The players hit the field. Hard. The prospects for the Eagles Sevens rugby team are crawling on all fours in some sort of torture session. They include a Super Bowl champion, a captain with an accent straight out of Downton Abbey, and a sprinter who ate dog food to get by as a foster child. There are about 20 guys trying out for 12 spots on America’s team as rugby returns to the Olympics after a 92-year nap. They scramble around a pole in the Southern California sun, diving on a rugby ball the size of a Euro traveler’s backpack.

“Go faster!” team captain Madison Hughes screams in his posh British accent. Assistant coach Chris Brown named these drills “Yaka Yards,” and as advertised, one player is on the far side of the field, yakking. Another player states the obvious: “This sucks.”

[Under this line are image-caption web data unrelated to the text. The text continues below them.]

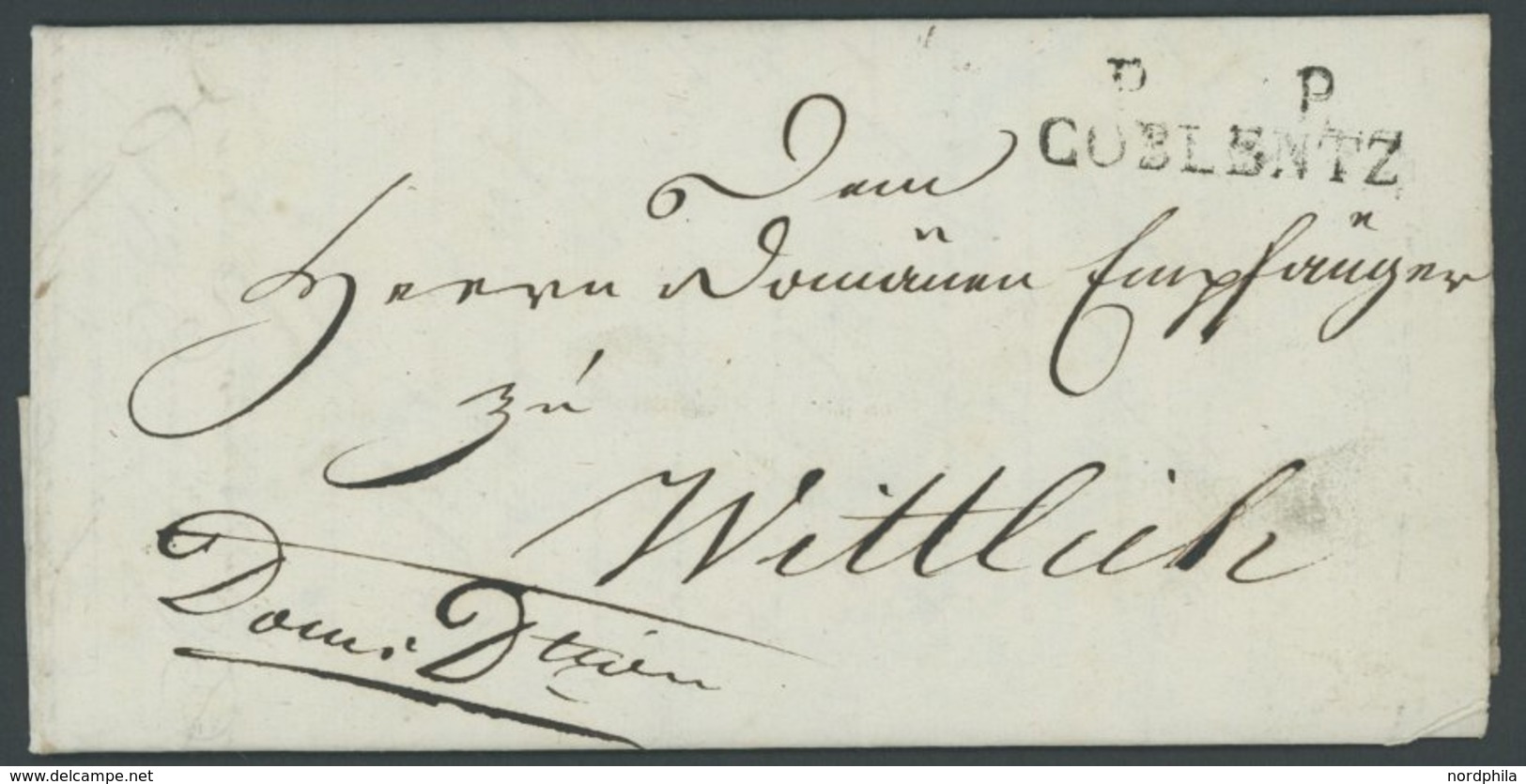 PREUSSEN PP COBLENTZ, L2, Aptierter Departmentstempel Auf Brief (1814) Nach Wittlich, Pracht - Prefilatelia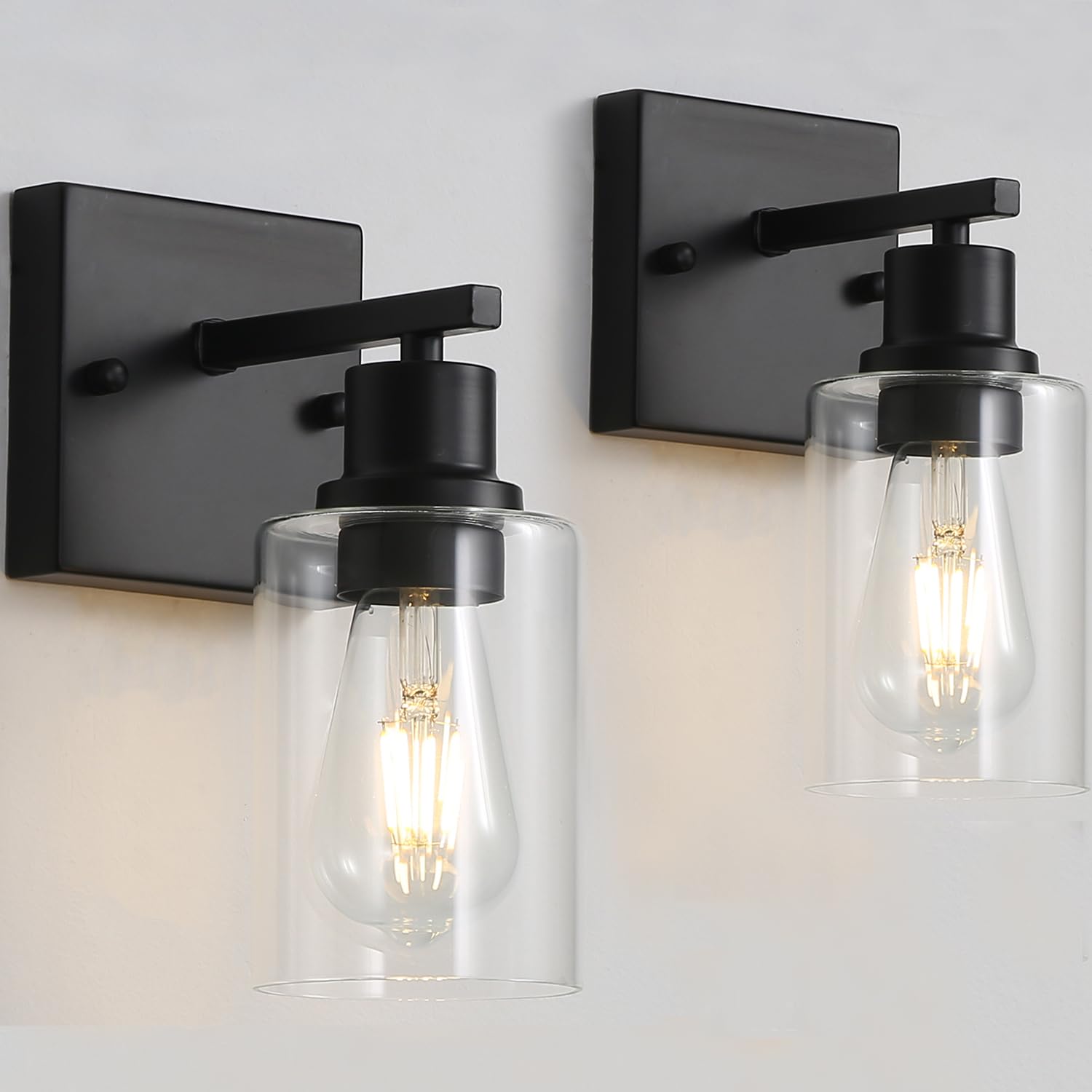 Jodauirt Hallway Wall Sconces Set Of 2,Farmhouse Modern Wall Lights Bathroom Matte Black Vanity Lights Fixtures With Glass Shade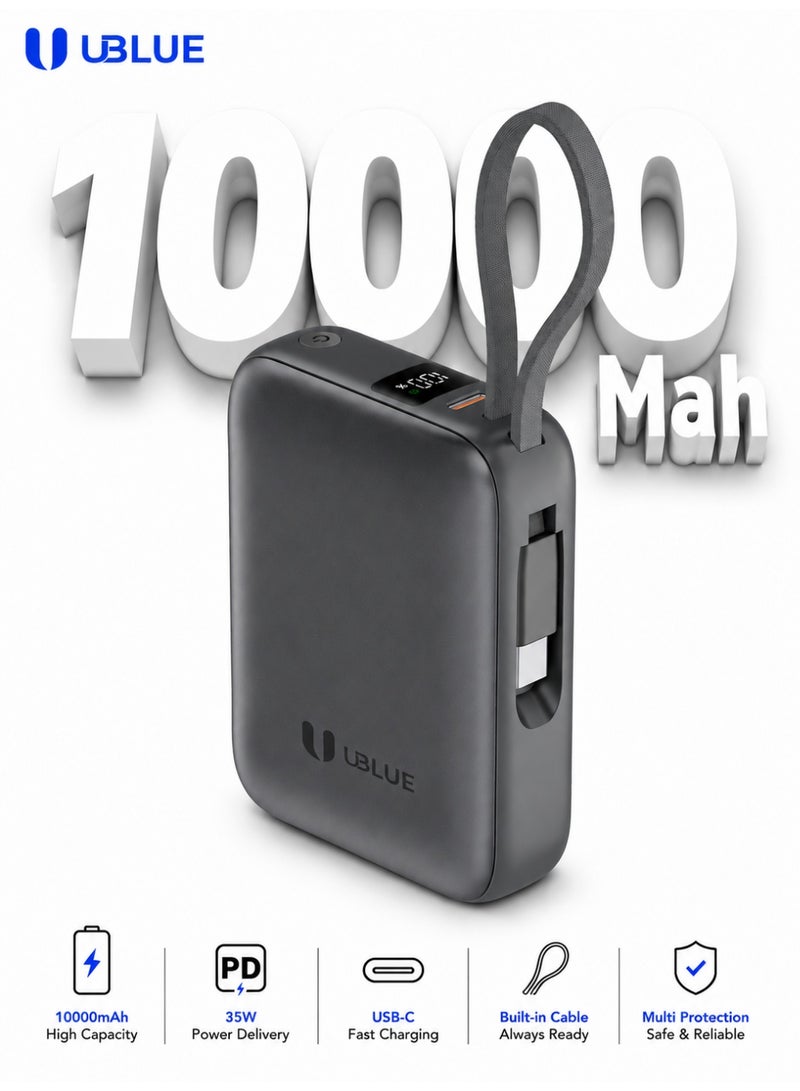 يوبلو شاحن UBLUE سريع الشحن بسعة 10000 مللي أمبير، شاحن محمول USB-C بقوة 35 واط، بطارية مدمجة لأجهزة iPhone وSamsung Galaxy وiPad وAirPods، رمادي - Image 1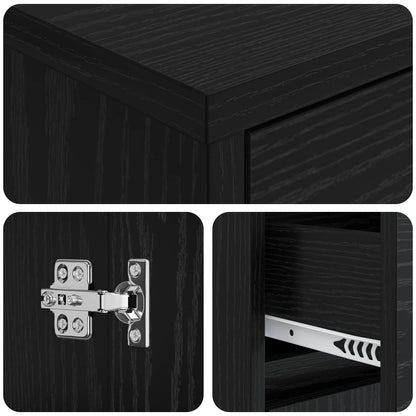 Wall-mounted Sink Vanity Black Oak 35 x 20 x 81 cm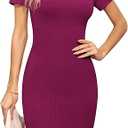 Missufe Women's Summer Boat Neck Short Sleeve Cut Out Knit Bodycon Casual Dress S, Purple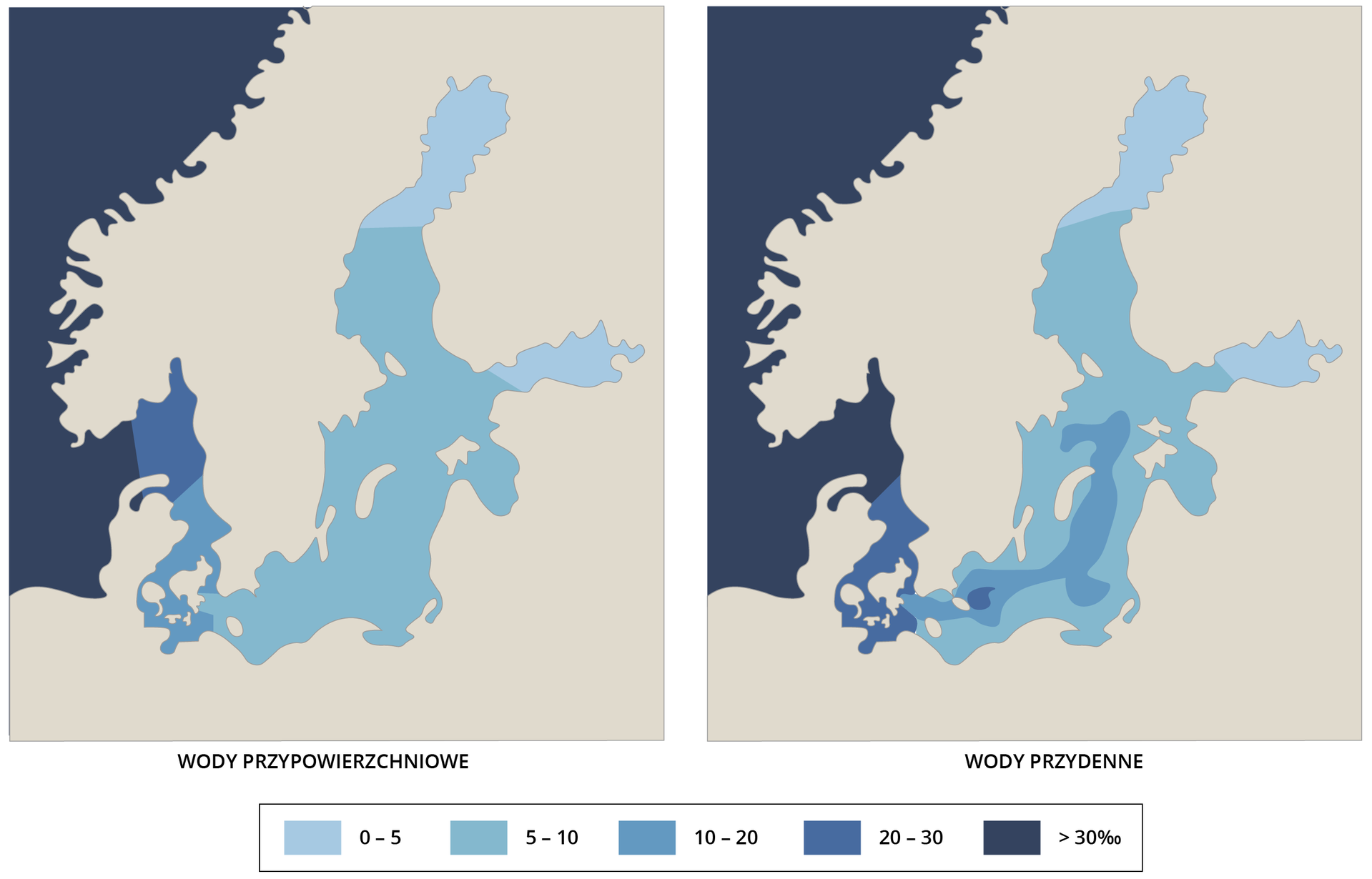 Na ilustracji są dwie mapy Morza Bałtyckiego. Prezentują zasolenie. Na pierwszej mapie pokazano wody przypowierzchniowe. Na drugiej przydenne. Zasolenie wód przypowierzchniowych rzędu od 0 do 5 jest w północnej części Zatoki Botnickiej oraz we wschodniej części Zatoki Fińskiej. Zasolenie rzędu 5-10 promili obejmuje wiekszą część Bałtyku. Zasolenie od 10 do 20 promili występuje w rejonie Kattegatu, a zasolenie rzędu 20-30 promili w rejonie Skattegatu. Morze Norweskie ma zasolenie powyżej 30 promili. W przypadku wód przydennych zasolenie rzędu 0-5 promili to północna część Zatoki Botnickiej i wschodnia część Zatoki Fińskiej. Centralna część Bałtyku właściwego ma zasolenie 10-20 promili. W pobliżu Bornholmu i w cieśninie Kattegat jest zasolenie rzędu 20-30 promili. W cieśninie Skagerrak jest zasolenie powyżej 30 promili. Pozostałe wody Bałtyku maja zasolenie 10-20 promili.      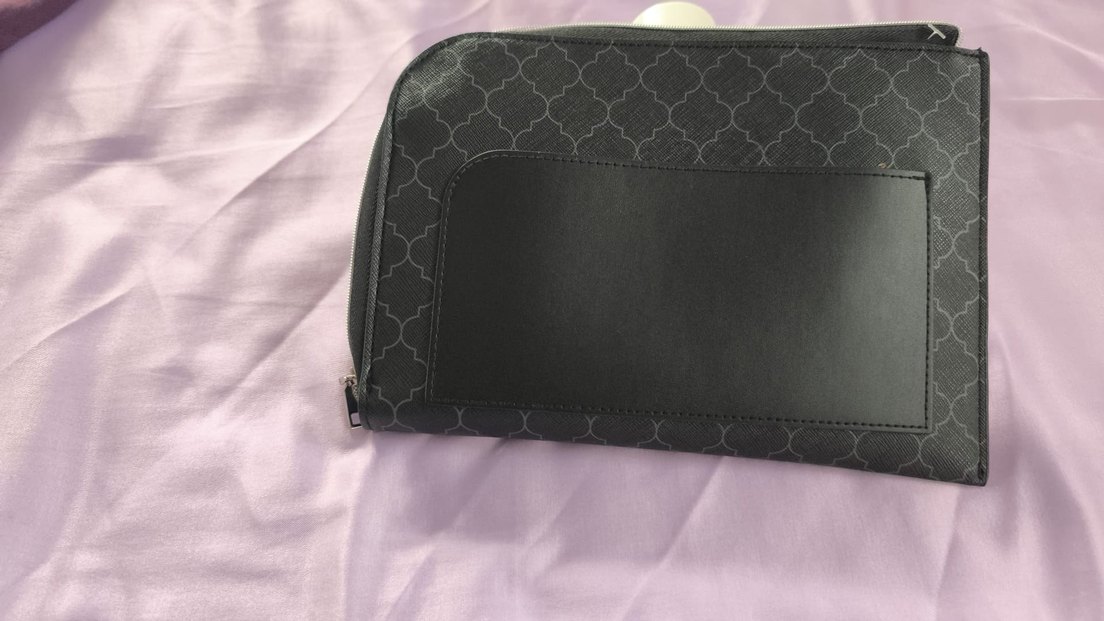 Siyah Parisian Desenli Fermuarlı Makyaj Çantası - Görsel 2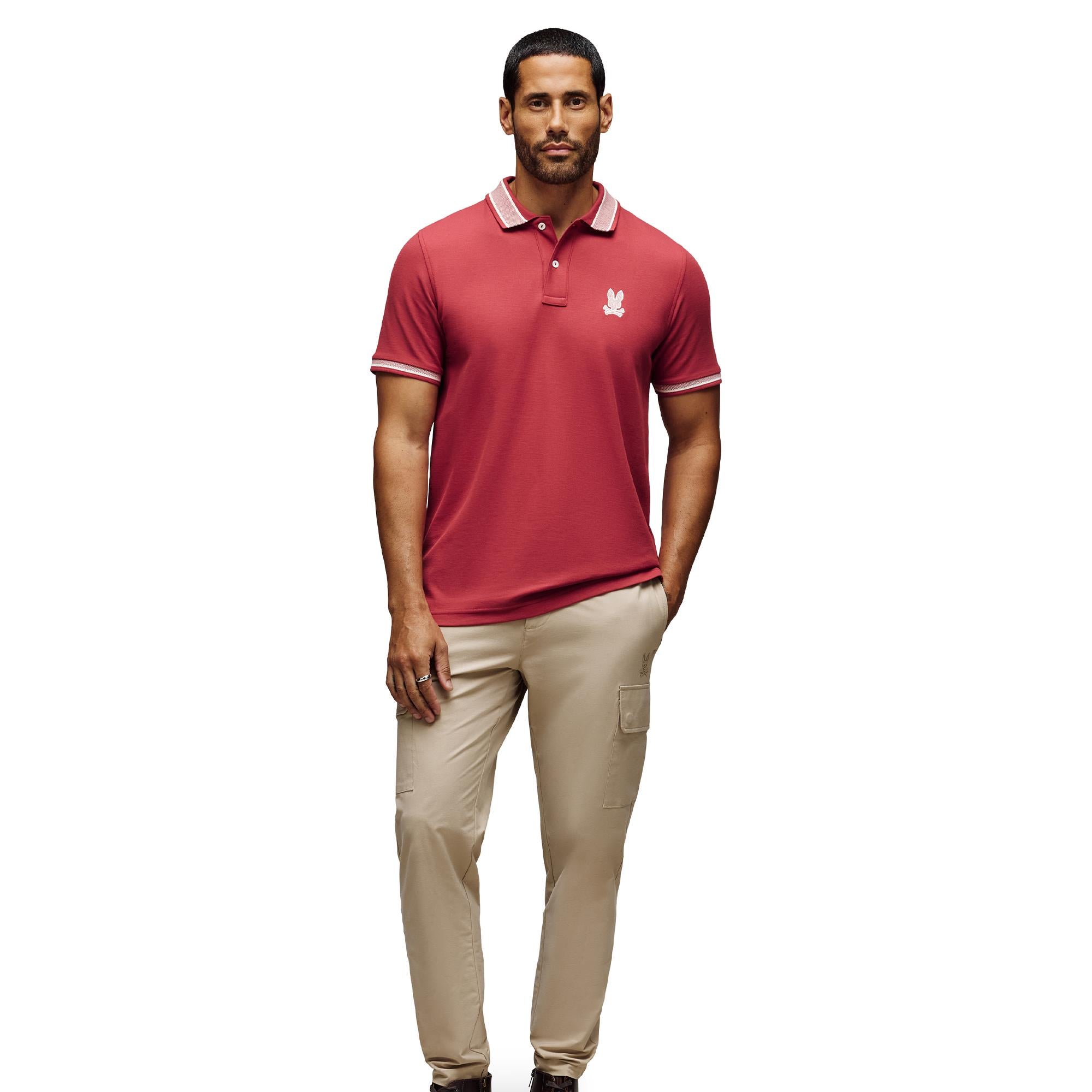 Psycho Bunny Harlow Pique Mens Polo Shirt Garnet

It is all part of training for rugby sevens, which makes its debut this summer in Rio de Janeiro. You may know a bit about regular rugby, which was once an Olympic sport. That’s the one in which 15 guys with torn ears move in unison like some kind of mutating amoeba. (The U.S. won gold in this version of the sport in the 1924 Olympics, the last time it was played.) That’s not rugby sevens. Sevens is played on a patch of grass roughly the size of an American football field but with only seven per side. It’s a bit like hockey when players are removed in overtime and the ice opens up.

As with American football, sevens teams aim for seven points per possession: five for crossing the goal line (they call that a try) and two for the conversion (which is similar to an extra point). Play pauses when you’re tackled, but you can hike it back to your own teammate in something known as a ruck. Since there are just two seven-minute halves, a complete game including halftime is played in less time than an episode of Archer.

The one advantage the Americans have is speed. Guys like Carlin Isles and Perry Baker, whose nickname is Speed Stick (though his teammates also call him by lesser deodorant variations), are as fast as Division 1 sprinters, but they lack experience. Teams from Fiji, New Zealand, and South Africa rely on players who have been competing from an age when most American kids are still striking out in T-ball.

Isles took up the game just four years ago, and as recently as 2013, Baker was still playing wide receiver for the now-defunct arena-football team Pittsburgh Power. The transition has resulted in some hilarious and terrifying moments, like the time Baker laid out an opposing player. “I tackled like football,” Baker says. “I just ran through and chopped the guy’s leg out from under him. Everyone went crazy.” He was nearly run out of the stadium on a rail while his teammates explained that he didn’t know the rules.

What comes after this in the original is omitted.